Billing details for generative AI assets

Last updated: Feb 11, 2025

Learn about how usage for generative AI assets is measured using resource unit (RU), hourly rates, or a flat rate.

Working with generative AI assets with watsonx.ai Runtime requires that you are using watsonx.ai. Overview of IBM watsonx.ai.

Review the details for how resources are measured using:

Resource units to measure inferencing activities for foundation models provided by watsonx.ai.
Hourly rates for custom foundation models you import and deploy with watsonx.ai.
Hourly rates for curated foundation models deployed on demand on dedicated hardware.
Flat rates by page for document text extraction.

A resource unit is used to measure the following resources:

Tokens used for inferencing a foundation model to generate text or text embeddings.
Data points used by a time series foundation model for forecasting future values.

Resource unit metering for inferencing foundation models

For the list of supported foundation models and their prices, see Supported foundation models. For the list of supported encoder models and their prices, see Supported encoder models.
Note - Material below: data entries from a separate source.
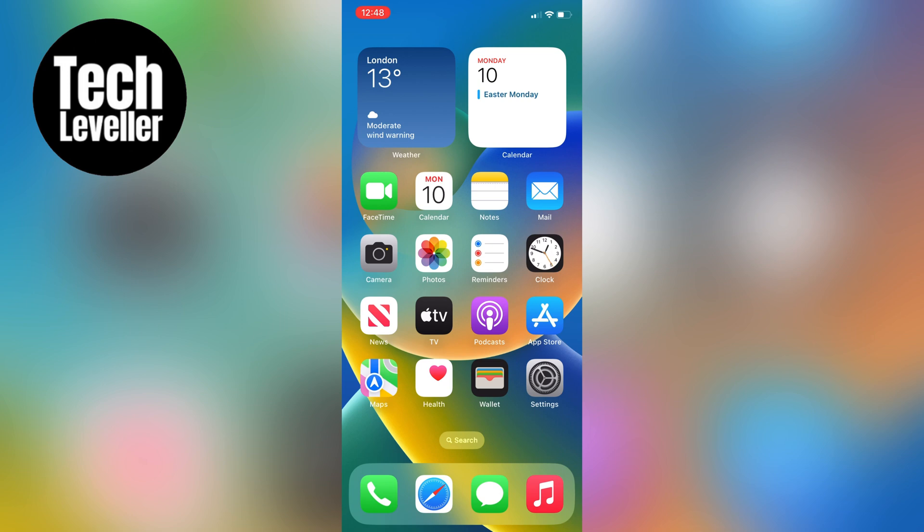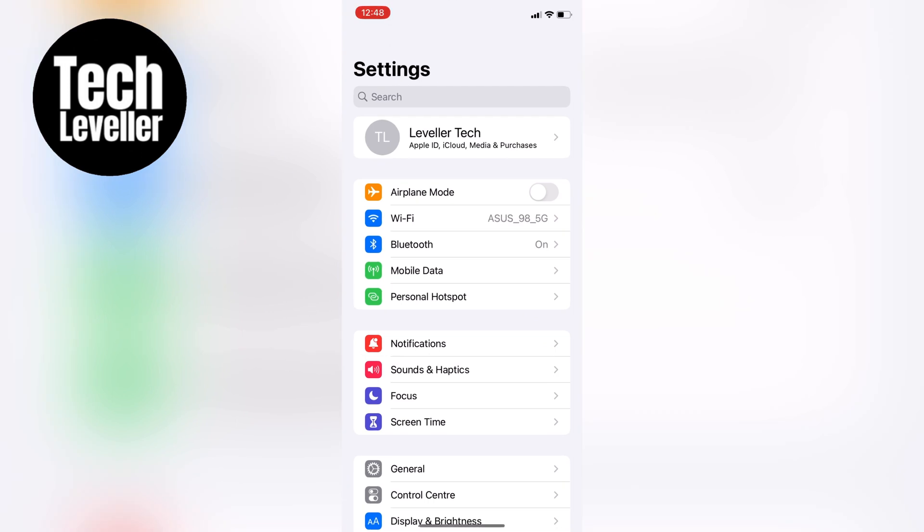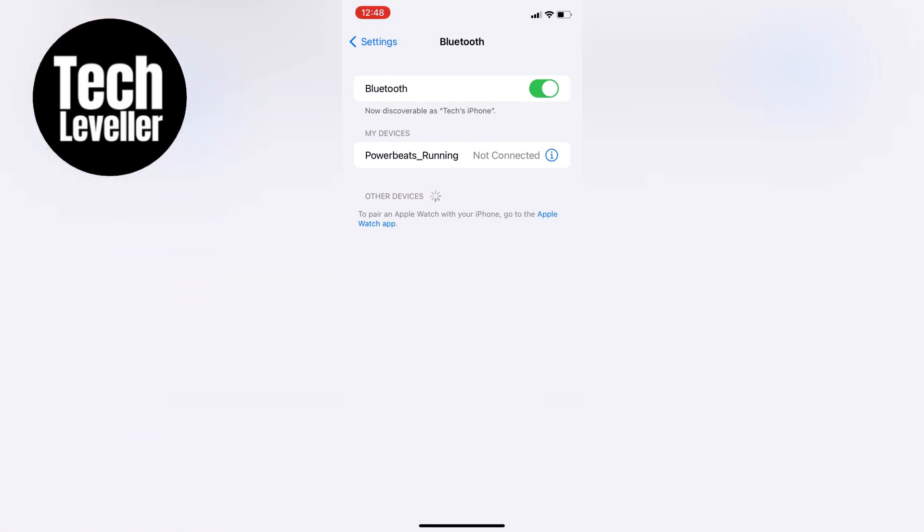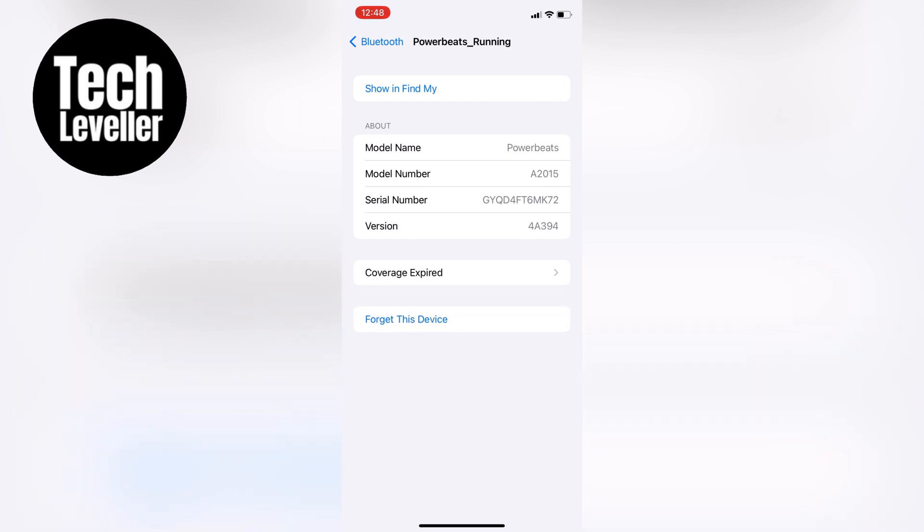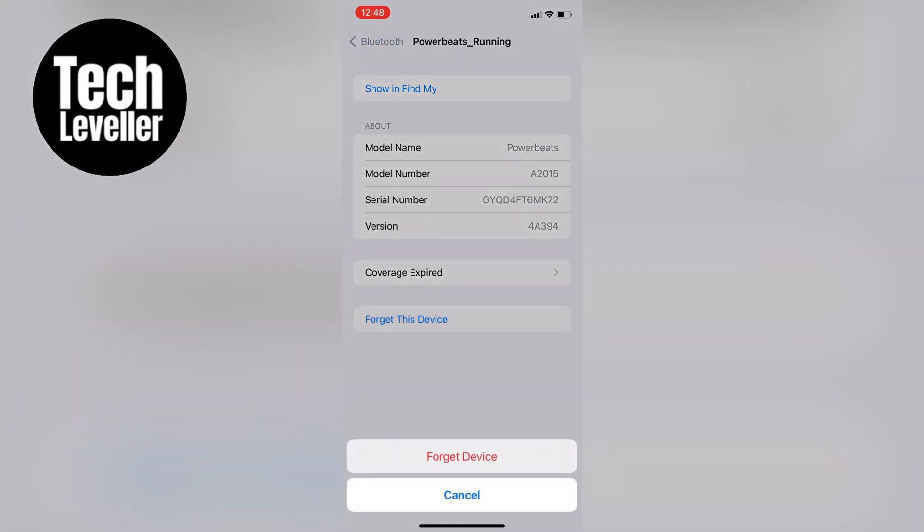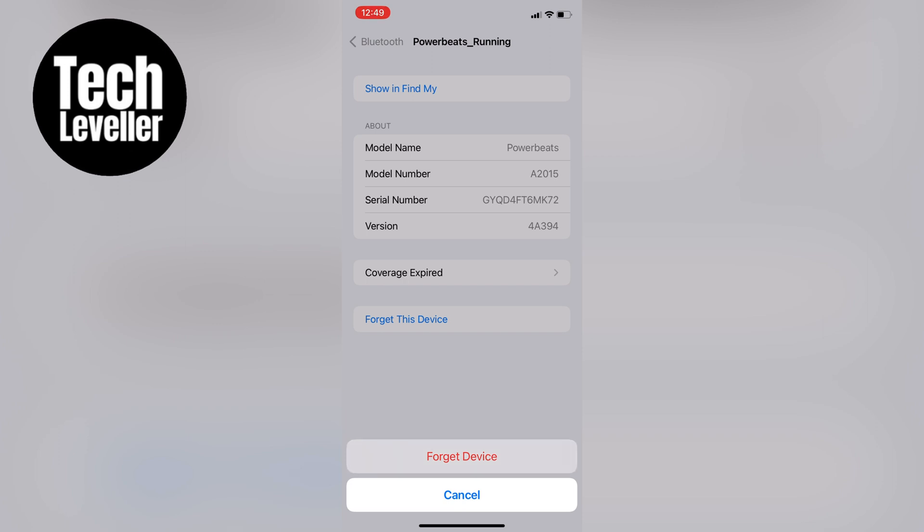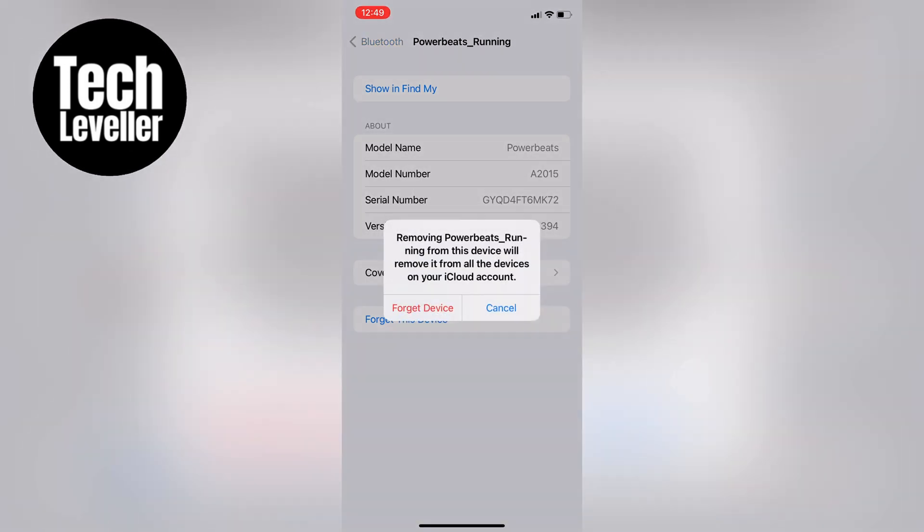First what we're going to do, we're going to head over to the iPhone settings here, and then within the iPhone settings we're going to tap on the Bluetooth. Let's find the device that's causing the delay, tap on the eye next to it, and then tap forget this device. This will unsync the Bluetooth device with your iPhone, allowing you to re-sync it and reset the connection.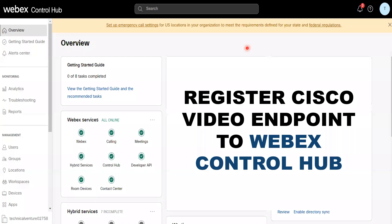Hi everyone. Welcome back to my channel. Today I am going to discuss about the Cisco video endpoint and the WebEx Control Hub. In this lecture, I am going to register one of my Cisco video endpoints to WebEx Control Hub. You can actually register your Cisco video endpoint on the Call Manager, on the Control Hub, or on the Expressway Core as well. But in this particular lecture, I am going to discuss about how to register the Cisco video endpoint on the WebEx Control Hub — how to add the workspace, how to add the device, and how to remotely register that endpoint.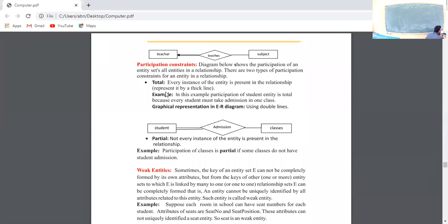Next is Participation Constraints. The total participation example — this student topic we will study in the next video.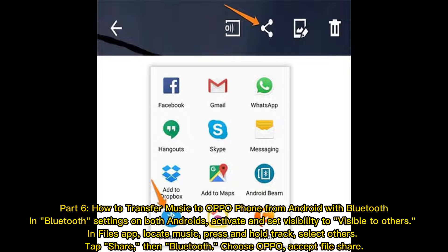Part six: how to transfer music to Oppo phone from Android with Bluetooth. In Bluetooth settings on both Android devices, activate Bluetooth and set visibility to Visible to Others. In the Files app, locate your music, press and hold the track, select Share, then Bluetooth, choose the Oppo device, and accept the file share.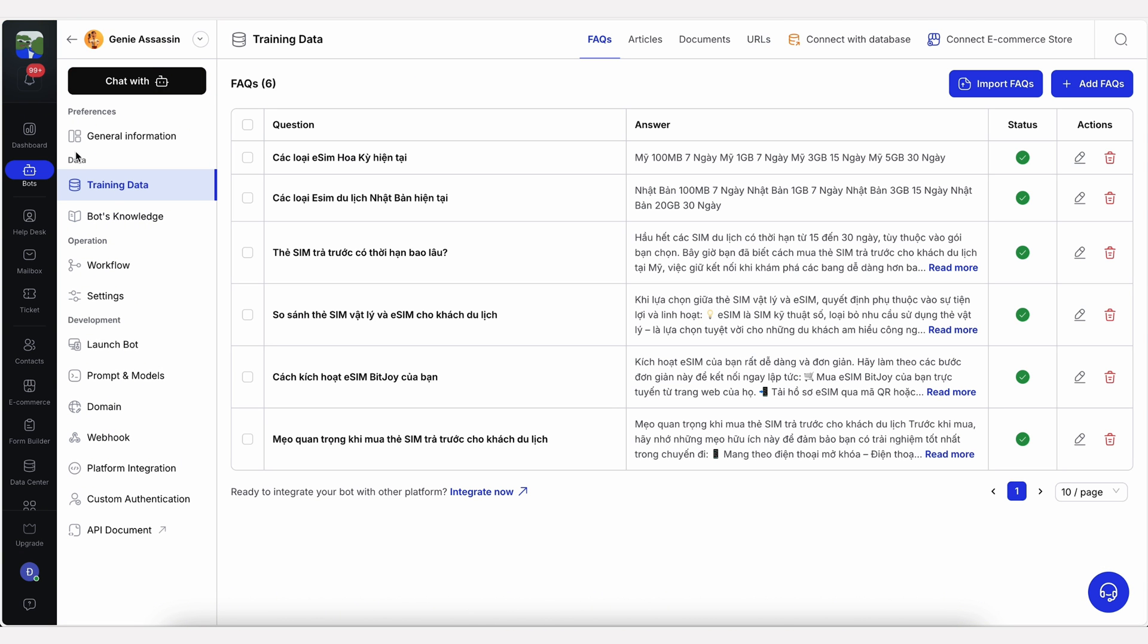You can use pretty much anything as training data, including FAQs, articles, documents, URLs, databases, product catalogs, and past conversations.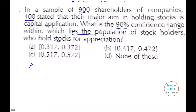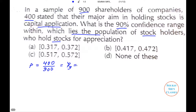We will first compute the value of P, then Q, then the standard error of P. So P is equal to 400 divided by the sample size 900, which gives 4 by 9, or in decimal, 0.4444 (repeating). Now we compute the value of Q, which is 1 minus P, giving 5 by 9.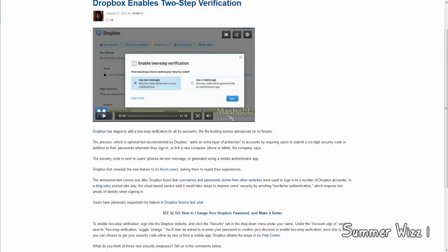Hey guys, so some very awesome news coming out from Dropbox. Basically, Dropbox has enabled two-step verification on their service.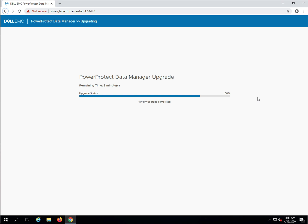At this point, the vProxy upgrade has completed, and we're now just waiting for the search appliance upgrade to finish before we move on.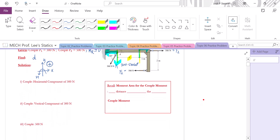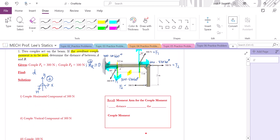So we're going to work through step by step from each couple. First, let's recall our strategy. We need to identify the moment arm because we're going to find a couple moment. The couple moment magnitude equals the moment arm times the absolute value of the couple force. For direction, we apply the right-hand rule. The moment arm for the couple moment is the perpendicular distance between the couple.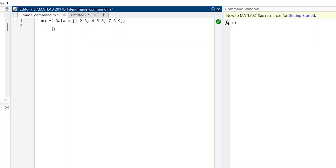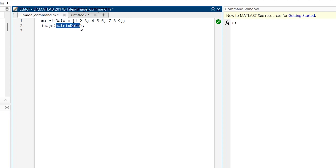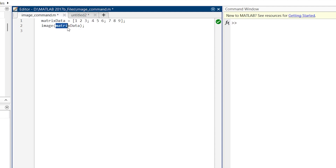Here is our matrix data — a simple 3x3 matrix. Now we are going to write the image function. The function is written as: image, and inside the brackets we put the name of the variable we want to convert from numeric data into visual data. Once you are ready with this, you can simply run it.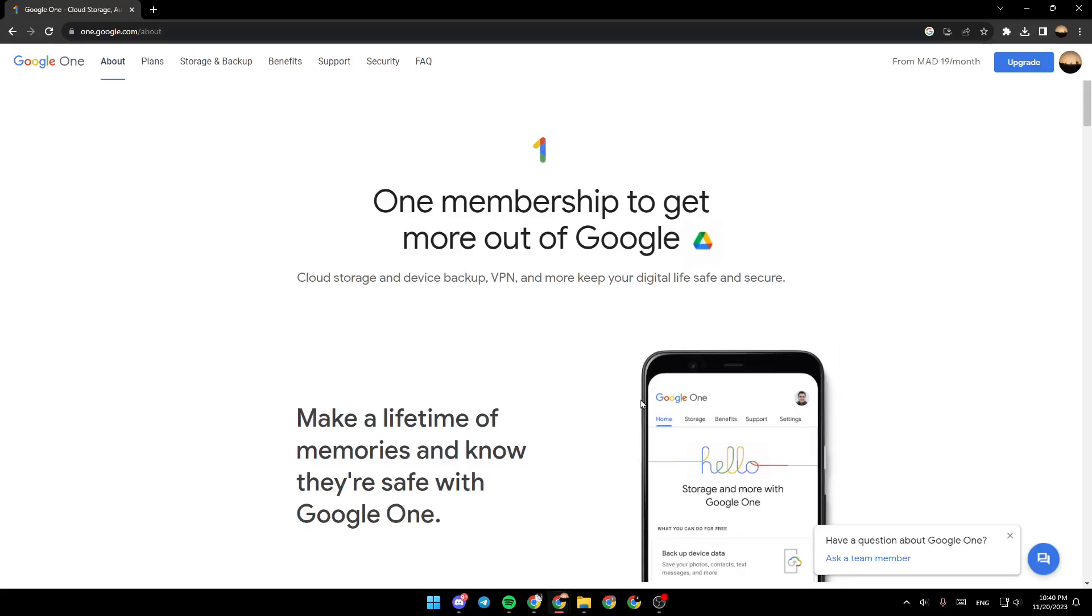Hello everyone and welcome back to a new video. In this video, I'm going to show you guys how to restore data from Google One. So if you guys want to learn how to do it, just follow the steps that I'm going to show you.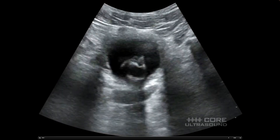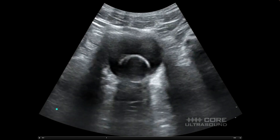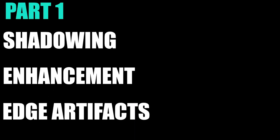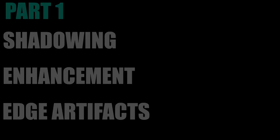In this clip we actually see all three artifacts. This is a bladder in the transverse orientation with a Foley bulb in it. We're seeing posterior acoustic enhancement — it's super bright over here because the urine in the bladder causes minimal attenuation of sound, making it appear bright. The Foley bulb is attenuating the sound a little bit, which is why it's darker there. On the edge of the bladder you see some blackness — that is an edge artifact, seen to a more dramatic degree on this side. So we have edge artifact, posterior acoustic enhancement, and a bit of shadowing from the Foley bulb — all three artifacts in one.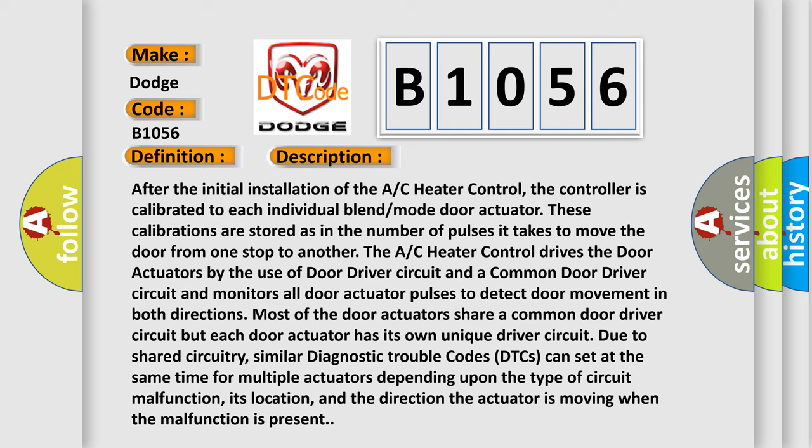Due to shared circuitry, similar diagnostic trouble codes DTCs can set at the same time for multiple actuators depending upon the type of circuit malfunction, its location, and the direction the actuator is moving when the malfunction is present.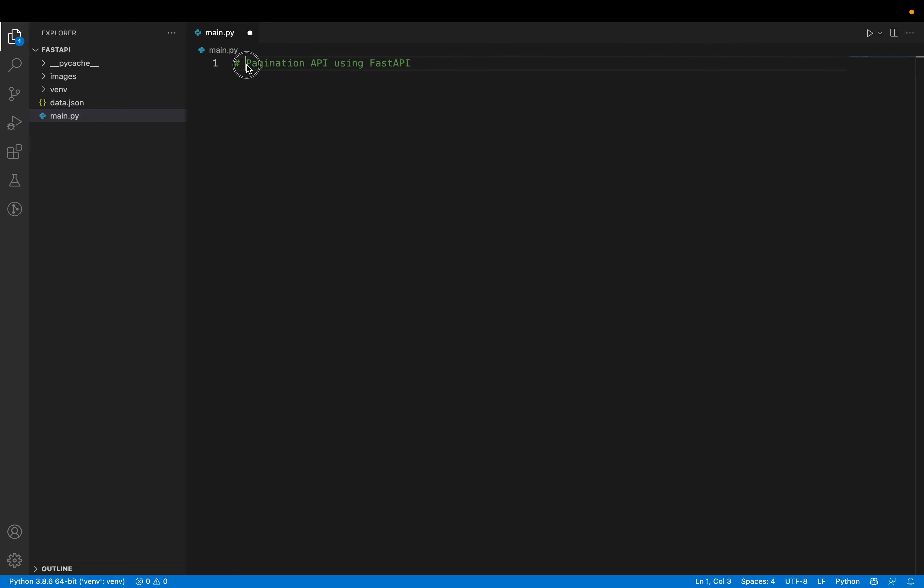Today we're going to build a pagination API using FastAPI. FastAPI is a Python library using which we can easily build REST APIs. I prefer FastAPI for pagination purposes, so let's see how we can use FastAPI to build a pagination API.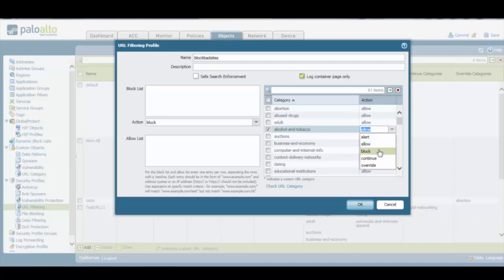We also have the block option, which completely prevents users from accessing this kind of web pages. We also have the continue option, which shows a page to the user notifying him that he should not be normally accessing that webpage. But on that page there is a continue button, and if the user clicks on that button, he will be then redirected to the actual webpage. In other words, this option generates nothing but a warning to the user that he should not be normally accessing that webpage.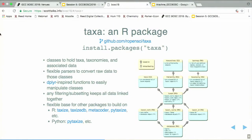So we've been working on this R package called taxa. It has classes to hold taxa, taxonomies, and associated data. There are flexible parsers to convert raw data to these classes. And if you've ever used dplyr — it's sort of like pandas for the Python world — it has dplyr-type functions to easily manipulate these classes. Any filtering or subsetting, whether based on taxa or the data, links both taxa and data together so they stay in sync. The idea is that taxa and the equivalent Python package will be flexible bases for other packages to build on top of, providing unified taxonomy types that people work with.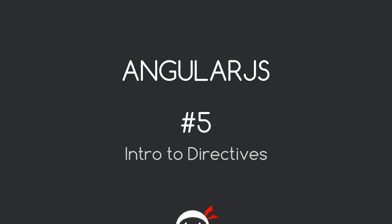Yo, what's happening guys? Welcome to your fifth AngularJS tutorial and in this video I'm going to introduce you to directives.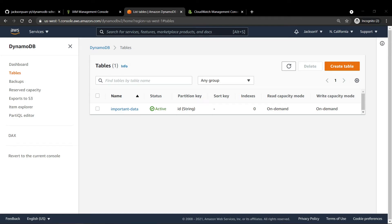Hey everyone, I hope you're all staying happy and well, and thanks for tuning in to another tutorial. Today we'll be going over how to create an automated scheduled service that performs a backup of your DynamoDB tables using AWS Lambda, the Serverless Framework, and GitHub Actions to handle the deployment pipeline. But for now, let's get started.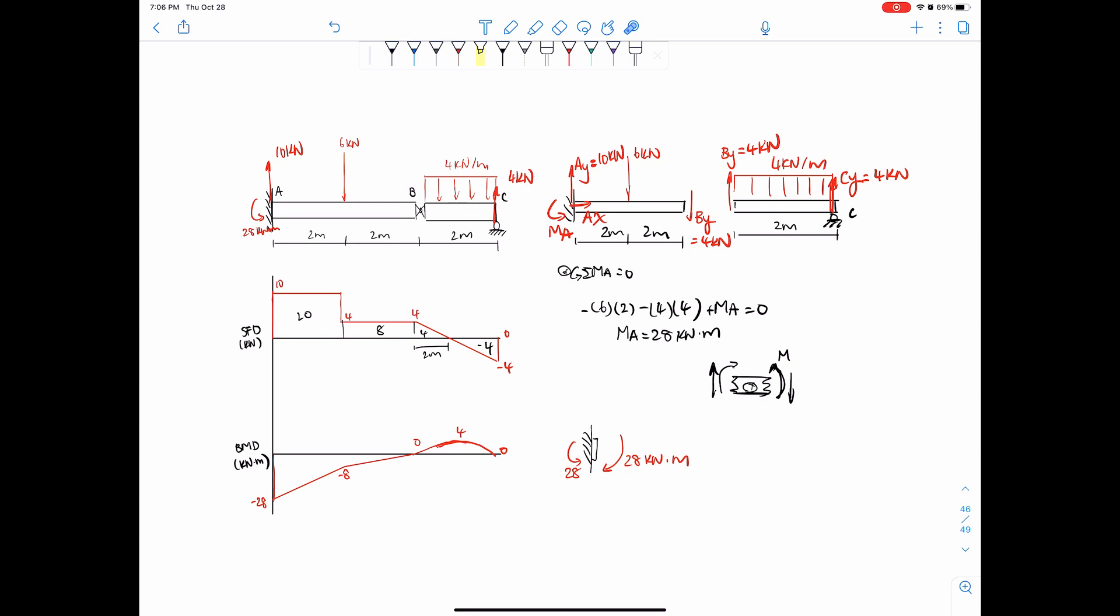So that's it for this problem. Hopefully that clarified some things with drawing shear force diagrams with a hinge in the middle. I'll see you next video. Goodbye, bye.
When measuring foundation model inferencing, a Resource Unit (RU) is equal to 1,000 tokens from the input and output of the foundation model. A token is a basic unit of text (typically 4 characters or 0.75 words) used in the input or output for a foundation model prompt or for input to an embeddings model.

Each foundation model provided by IBM watsonx.ai is assigned an inference price for input and output. The price is derived as a multiple of the base price for an RU ($0.0001). For example, a model with a price of $0.0006 has a multiplier of 6 times the base rate.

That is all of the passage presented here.